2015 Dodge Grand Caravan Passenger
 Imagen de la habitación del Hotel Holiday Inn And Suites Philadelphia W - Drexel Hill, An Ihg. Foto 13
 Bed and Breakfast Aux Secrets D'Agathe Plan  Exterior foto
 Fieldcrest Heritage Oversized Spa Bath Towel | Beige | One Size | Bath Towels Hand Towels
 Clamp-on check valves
^^^^^^^^
**EXERCISE GOAL:**
Write the material above out again, exactly as it reads.

**FINISHED EXERCISE:**
2015 Dodge Grand Caravan Passenger
 Imagen de la habitación del Hotel Holiday Inn And Suites Philadelphia W - Drexel Hill, An Ihg. Foto 13
 Bed and Breakfast Aux Secrets D'Agathe Plan  Exterior foto
 Fieldcrest Heritage Oversized Spa Bath Towel | Beige | One Size | Bath Towels Hand Towels
 Clamp-on check valves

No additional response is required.